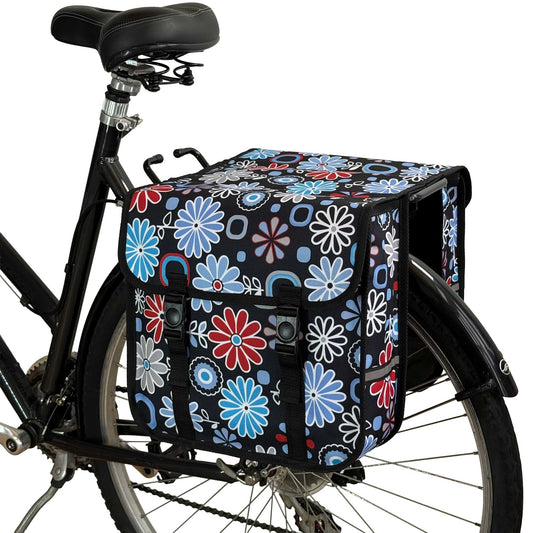 BikyBag Classic CE - Bicycle Double Pannier Bag (Daisy Flowers)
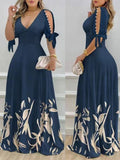 E-Commerce Ebay Women's Wear V Neckline Waist Printed Dress-Outfit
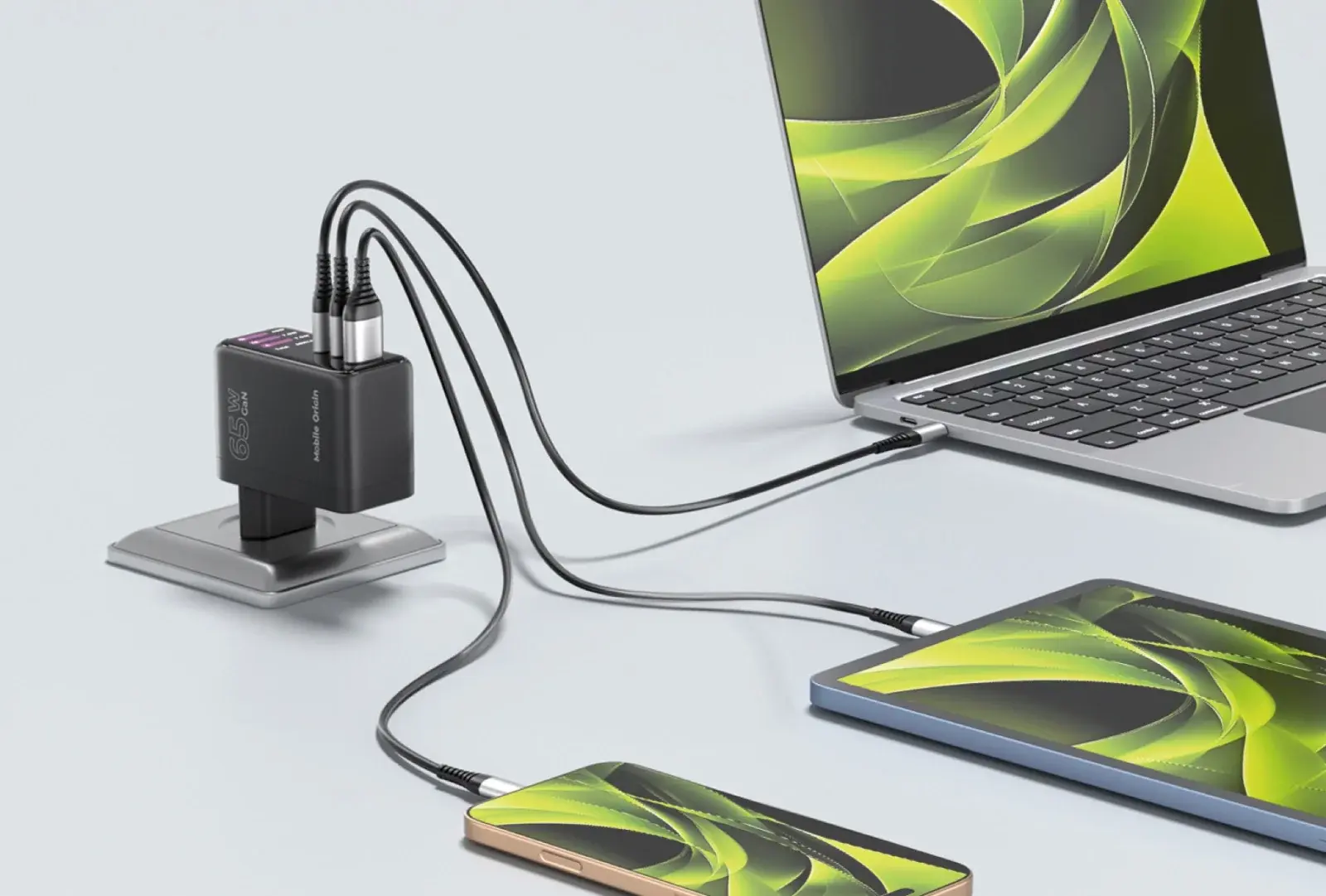 Mobile Origin GaN Snellader 65W met Display 1x USB-A / 2x USB-C PD Zwart afbeelding 10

**AIM OF THE TASK:**
For this exercise, give the listing again exactly as written, with the pictures omitted.

**ANSWER FOR THIS EXERCISE:**
 BikyBag Classic CE - Bicycle Double Pannier Bag (Daisy Flowers)
 E-Commerce Ebay Women's Wear V Neckline Waist Printed Dress-Outfit
 Mobile Origin GaN Snellader 65W met Display 1x USB-A / 2x USB-C PD Zwart afbeelding 10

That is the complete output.